• **What is needed**
Each entry below is to be restated word for word, with no pictures carried over.

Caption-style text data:
+===+

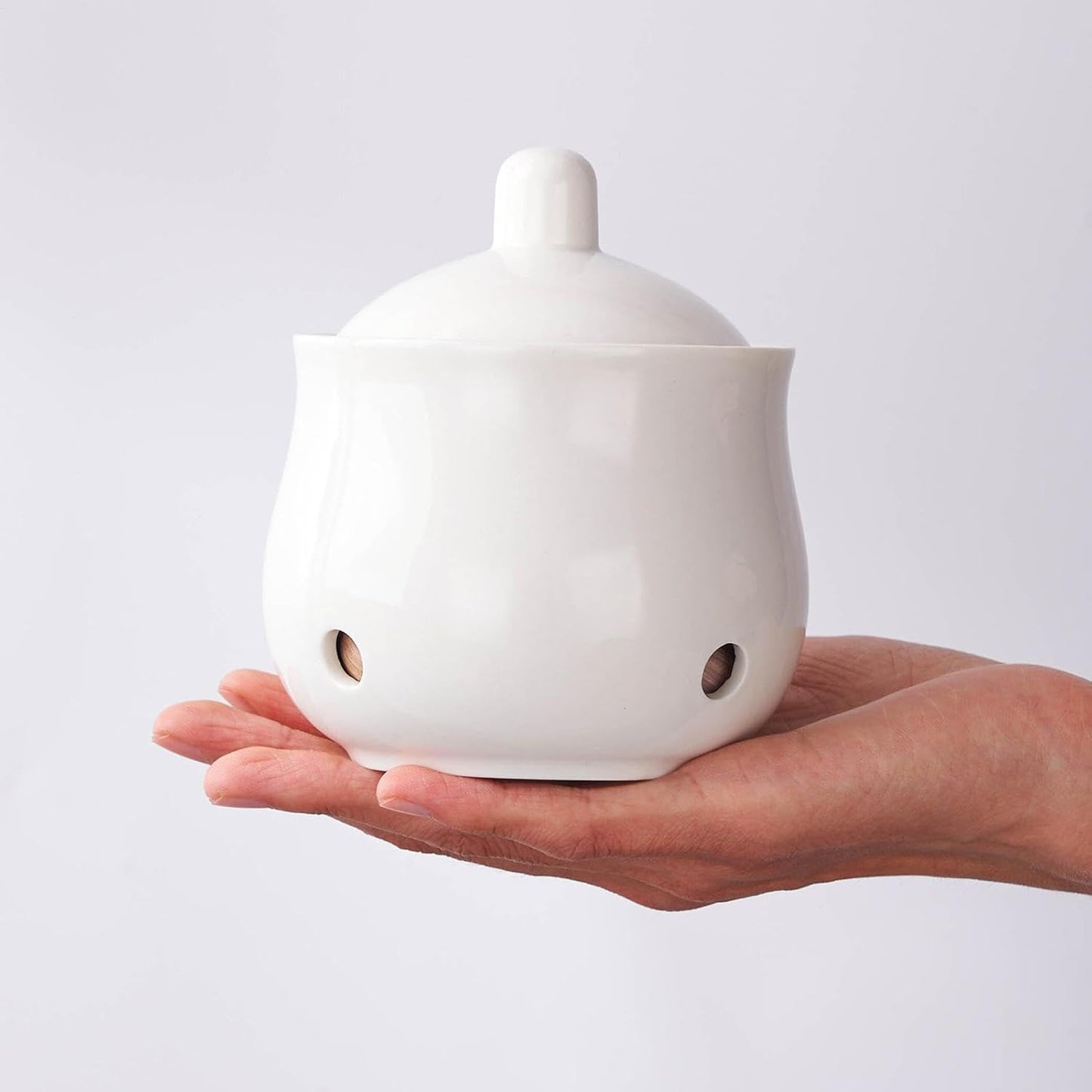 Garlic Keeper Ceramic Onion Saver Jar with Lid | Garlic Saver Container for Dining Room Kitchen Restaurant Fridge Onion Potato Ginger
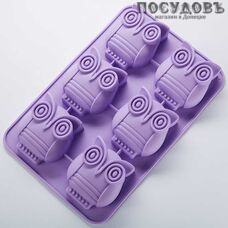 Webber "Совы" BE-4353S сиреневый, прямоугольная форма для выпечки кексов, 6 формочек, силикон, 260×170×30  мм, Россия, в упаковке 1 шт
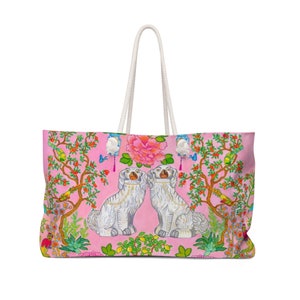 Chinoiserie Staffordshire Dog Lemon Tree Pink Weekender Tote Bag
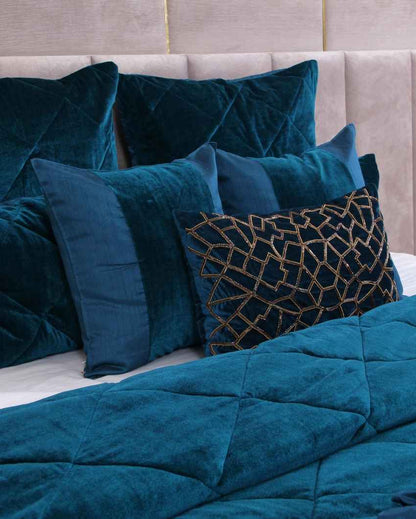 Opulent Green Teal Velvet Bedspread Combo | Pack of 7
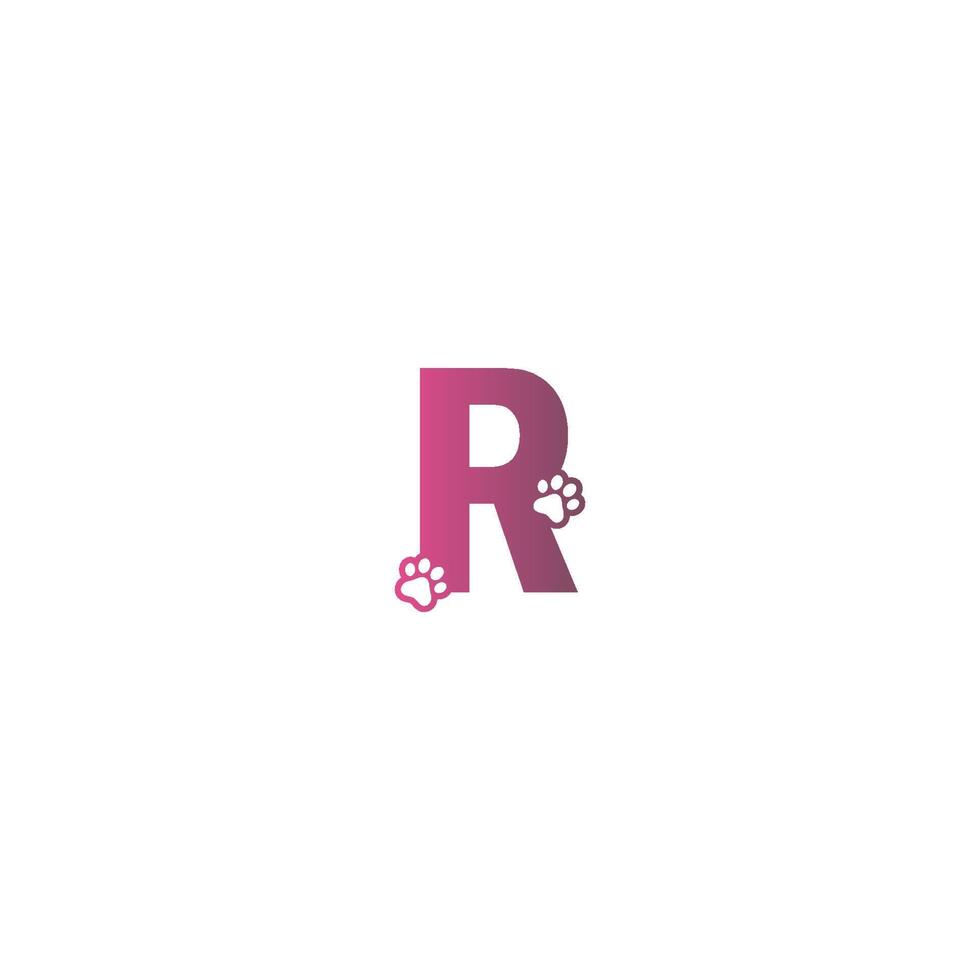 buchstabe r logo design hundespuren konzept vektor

+===+

• **Your solution**
 Garlic Keeper Ceramic Onion Saver Jar with Lid | Garlic Saver Container for Dining Room Kitchen Restaurant Fridge Onion Potato Ginger
 Webber "Совы" BE-4353S сиреневый, прямоугольная форма для выпечки кексов, 6 формочек, силикон, 260×170×30  мм, Россия, в упаковке 1 шт
 Chinoiserie Staffordshire Dog Lemon Tree Pink Weekender Tote Bag
 Opulent Green Teal Velvet Bedspread Combo | Pack of 7
 buchstabe r logo design hundespuren konzept vektor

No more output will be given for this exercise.